**DIRECTIONS FOR THIS TASK:** Would you please copy only the lines from the line that contains "Конвектор REXANT 2 кВт 60-0085" to the end of the data below, exactly, leaving every picture out?

[Crawled caption data]
###
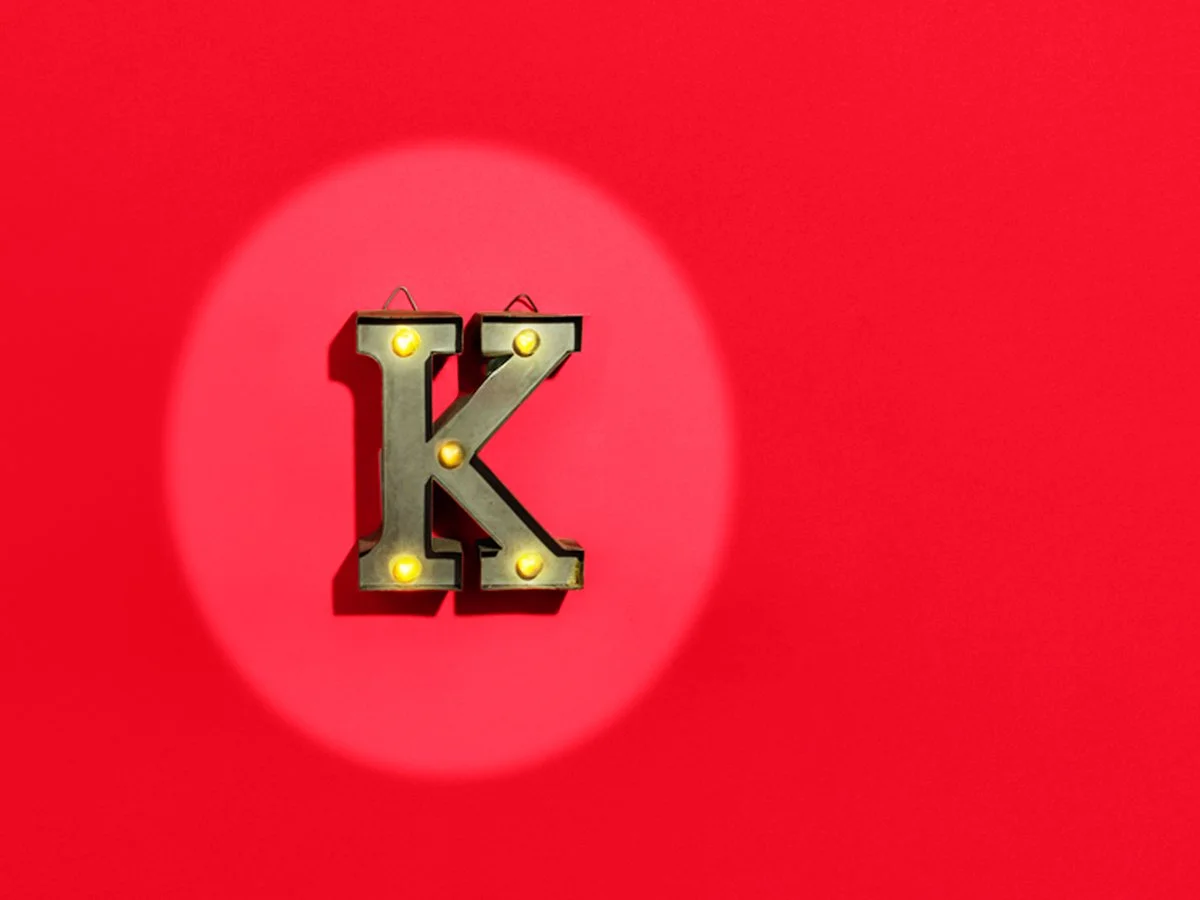 Katie Lees Fellowship performance 2026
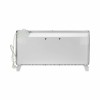 Конвектор REXANT 2 кВт 60-0085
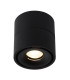 Yumiko Modern Surface Mounted Ceiling Spotlight-1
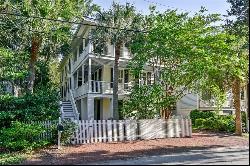 504 King Street, Beaufort SC 29902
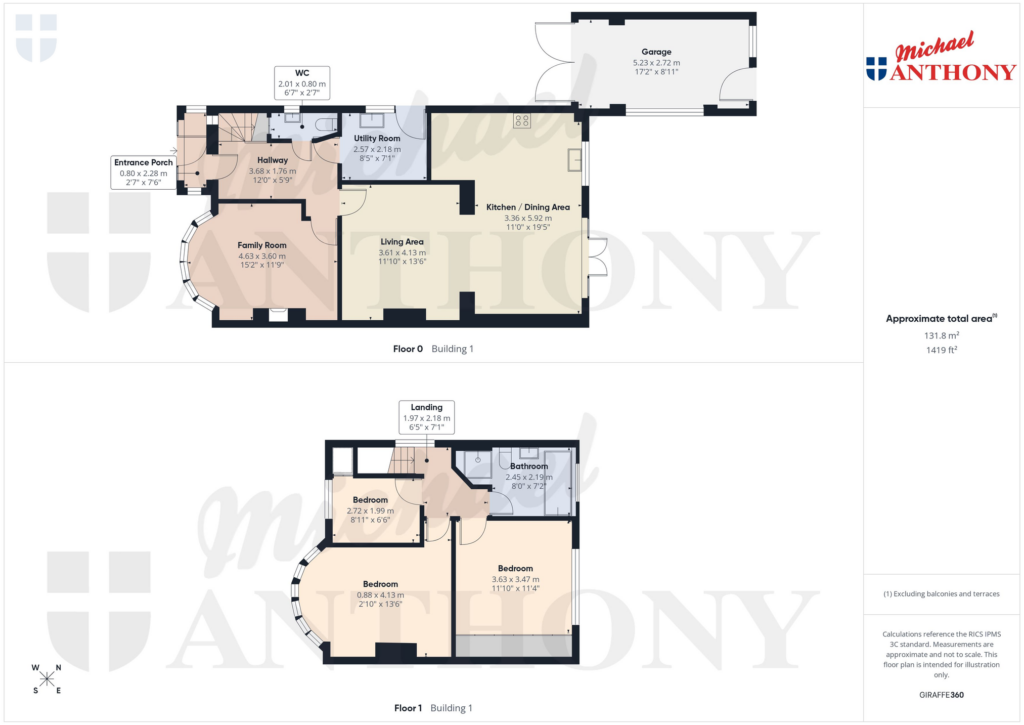 Property Floorplan 2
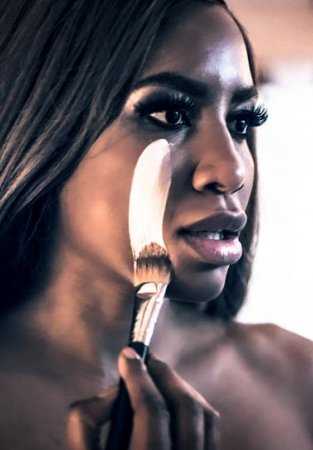 EU_US-PureTaboo_19_12_03_Anny_Aurora_And_Demi_Sutra_Afrodisiac_A_Demi_Sutra_Story PureTaboo 安妮·奥罗拉 和 黛米·苏特拉 媚药 一个黛米·苏特拉的故事
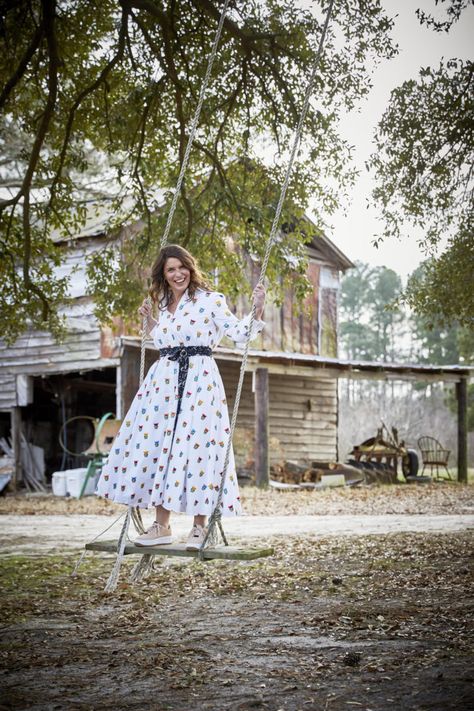 Vivian Howard’s Next Act – Garden & Gun Chef And The Farmer, Vivian Howard, New Tv Series, New Tv, The Underdogs, Famous Couples, Chef Life, Christmas Movies, How To Raise Money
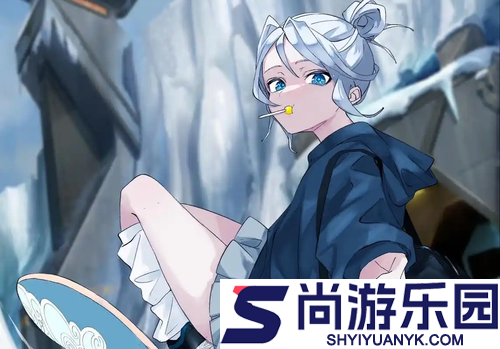 无畏契约最新准星代码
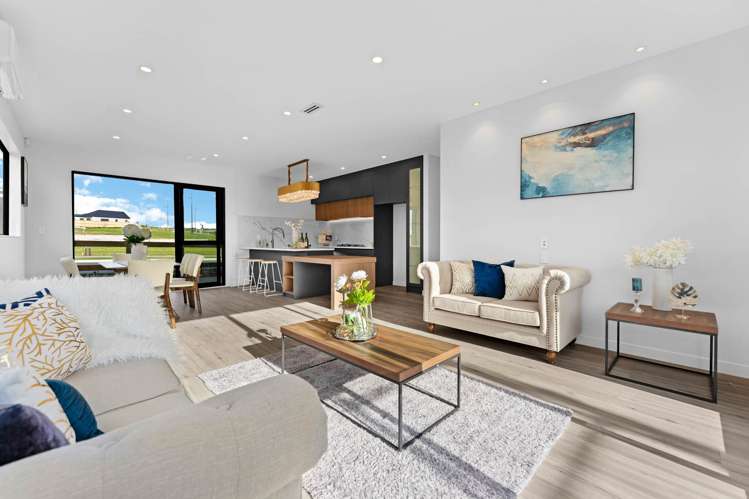93 Maungakaraka Road Karaka_26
###
**YOUR RESPONSE:**
 Конвектор REXANT 2 кВт 60-0085
 Yumiko Modern Surface Mounted Ceiling Spotlight-1
 504 King Street, Beaufort SC 29902
 Property Floorplan 2
 EU_US-PureTaboo_19_12_03_Anny_Aurora_And_Demi_Sutra_Afrodisiac_A_Demi_Sutra_Story PureTaboo 安妮·奥罗拉 和 黛米·苏特拉 媚药 一个黛米·苏特拉的故事
 Vivian Howard’s Next Act – Garden & Gun Chef And The Farmer, Vivian Howard, New Tv Series, New Tv, The Underdogs, Famous Couples, Chef Life, Christmas Movies, How To Raise Money
 无畏契约最新准星代码
93 Maungakaraka Road Karaka_26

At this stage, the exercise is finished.